To get back on topic, we can use the Ramprakash Factor to look at how often in a player’s career they didn’t pull their weight in a series. Yes, Ricky Ponting has done well over the years (and has a shiny Test average of 53.44 to show for it) but that can’t hide the fact that he stunk up the 2010/11 Ashes like a skunk recovering from a heavy night on the cheap gin. By averaging just 16.14 he fell well below the Ramprakash Factor and was therefore nothing more than a passenger in his team.
Our next step is to look at the number of instances of players being passengers.To get a bit of contemporary focus, let’s look at England’s Test series over the last couple of years. For the batsmen only, we’re looking at batting average (the y axis) and runs scored (the bubble size, or z axis as nerds might call it):
We’ve colour-coded each batsman to hopefully make it a little clearer. We should also point out that for the Sri Lanka in England series in 2011 Ian Bell averaged 331 – we told you there’d be a callback – but we had to cut that off the top of the chart. Ian Bell was amazing back then. Nowadays he’s about as prolific as Fernando Torres.
The key thing is that we’ve drawn a line across at the magic number of 25. Anything that falls below that is a passenger. In the case of the most recent series against Pakistan, the whole top order were basically passengers – Cook and Trott escape with mighty averages of just below 27. Working backwards from that there was Trott against India, Strauss against Sri Lanka, Collingwood in the Ashes, Collingwood and Pietersen for the home series against Pakistan, Cook against Bangladesh, Strauss in South Africa and Cook and Bopara in the 2009 Ashes.
With all these passengers in the side it’s amazing that England actually won all these series (bar the draw in South Africa and the spanking in the UAE). Perhaps that’s the difference between a good side and a great side – the latter has no passengers (either with bat or ball).
Of course, having defined a passenger we can now apply that to a player’s career and see what proportion of series they have passengered in (it’s definitely a word – it’s in the 51allout dictionary). Of particular interest here are Eoin Morgan and Ravi Bopara. Both have taken part in five Test series and in terms of straight batting average Bopara has the edge (34.56 vs. 30.43). While neither are exactly great, a difference of over four runs is fairly significant.
However, in his five series Morgan has only been a passenger once – the most recent series in the UAE. Prior to that he’s been in or above that ‘just about acceptable’ band that frustrates everyone – coaches and spectators – so much. Bopara, on the other hand, has twice been a passenger – the 2009 Ashes and England’s previous Test tour of Sri Lanka. And that tells us something about the man, specifically that when’s he’s rubbish, he’s consistently awful. When he’s good, he’s better than Morgan (hence that higher overall average) but that’s hardly a ringing endorsement as he prepares to come back into the side.
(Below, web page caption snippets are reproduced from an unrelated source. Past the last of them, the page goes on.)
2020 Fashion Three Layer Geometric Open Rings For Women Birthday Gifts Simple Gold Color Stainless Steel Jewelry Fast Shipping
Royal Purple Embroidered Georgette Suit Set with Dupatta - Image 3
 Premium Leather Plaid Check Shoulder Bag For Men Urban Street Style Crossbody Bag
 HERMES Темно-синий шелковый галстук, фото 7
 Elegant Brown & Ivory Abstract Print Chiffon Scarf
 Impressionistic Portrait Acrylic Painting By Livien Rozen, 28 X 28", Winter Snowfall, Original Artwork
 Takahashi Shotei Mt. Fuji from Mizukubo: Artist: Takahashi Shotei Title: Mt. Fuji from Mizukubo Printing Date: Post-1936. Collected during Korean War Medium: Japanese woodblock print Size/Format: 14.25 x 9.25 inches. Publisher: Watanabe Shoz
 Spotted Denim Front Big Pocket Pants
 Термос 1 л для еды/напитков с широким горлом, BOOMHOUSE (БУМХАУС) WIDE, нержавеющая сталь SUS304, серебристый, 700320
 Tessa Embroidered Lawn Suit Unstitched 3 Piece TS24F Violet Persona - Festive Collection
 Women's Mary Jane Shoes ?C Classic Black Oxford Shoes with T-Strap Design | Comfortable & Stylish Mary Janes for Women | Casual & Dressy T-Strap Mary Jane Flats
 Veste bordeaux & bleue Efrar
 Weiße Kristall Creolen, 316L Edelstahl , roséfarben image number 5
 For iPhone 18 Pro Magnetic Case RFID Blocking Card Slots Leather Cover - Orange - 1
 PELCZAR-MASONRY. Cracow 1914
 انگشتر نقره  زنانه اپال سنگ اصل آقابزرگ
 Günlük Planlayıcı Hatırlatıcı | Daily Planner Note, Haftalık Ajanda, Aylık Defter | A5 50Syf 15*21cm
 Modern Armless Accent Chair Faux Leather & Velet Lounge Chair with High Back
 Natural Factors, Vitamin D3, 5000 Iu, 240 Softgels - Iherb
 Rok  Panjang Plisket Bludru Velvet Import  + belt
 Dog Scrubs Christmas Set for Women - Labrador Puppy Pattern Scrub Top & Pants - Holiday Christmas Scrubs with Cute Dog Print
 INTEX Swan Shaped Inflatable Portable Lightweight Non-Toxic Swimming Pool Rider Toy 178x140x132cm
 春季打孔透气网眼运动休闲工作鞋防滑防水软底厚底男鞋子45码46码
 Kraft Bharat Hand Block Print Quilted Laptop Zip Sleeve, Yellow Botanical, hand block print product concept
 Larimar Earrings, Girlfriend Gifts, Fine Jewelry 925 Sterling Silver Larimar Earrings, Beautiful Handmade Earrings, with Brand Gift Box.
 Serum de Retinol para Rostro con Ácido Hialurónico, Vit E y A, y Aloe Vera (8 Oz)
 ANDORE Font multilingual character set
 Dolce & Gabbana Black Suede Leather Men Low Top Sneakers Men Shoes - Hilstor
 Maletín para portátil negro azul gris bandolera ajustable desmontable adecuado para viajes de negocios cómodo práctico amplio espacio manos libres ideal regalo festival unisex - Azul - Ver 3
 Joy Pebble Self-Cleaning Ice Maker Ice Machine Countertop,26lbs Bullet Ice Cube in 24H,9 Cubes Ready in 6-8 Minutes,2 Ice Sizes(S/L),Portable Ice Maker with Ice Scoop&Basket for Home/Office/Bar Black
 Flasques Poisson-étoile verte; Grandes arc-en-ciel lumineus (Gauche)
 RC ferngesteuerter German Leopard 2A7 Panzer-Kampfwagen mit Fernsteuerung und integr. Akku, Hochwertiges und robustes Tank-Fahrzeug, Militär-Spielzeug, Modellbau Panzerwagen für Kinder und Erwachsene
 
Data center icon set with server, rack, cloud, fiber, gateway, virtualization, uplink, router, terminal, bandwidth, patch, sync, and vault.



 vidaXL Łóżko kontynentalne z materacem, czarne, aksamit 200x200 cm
Of course, a lot of players have difficult starts to their Test career before settling in – Hashim Amla being a prime example. There’s nothing to say that Ravi Bopara won’t come good this time around.
Apart from us: Ravi Bopara won’t come good this time around.
What does this tell us? Ian Bell’s second place on the list is a testament to a remarkably patch Test career. At the other end Trott’s consistency is obvious – even when he’s not at his best he still scores ugly, ugly runs. And even Alastair Cook and Kevin Pietersen have struggled at times in their otherwise massively prolific careers. Maybe Test cricket isn’t actually that easy after all. Just ask Mark Ramprakash.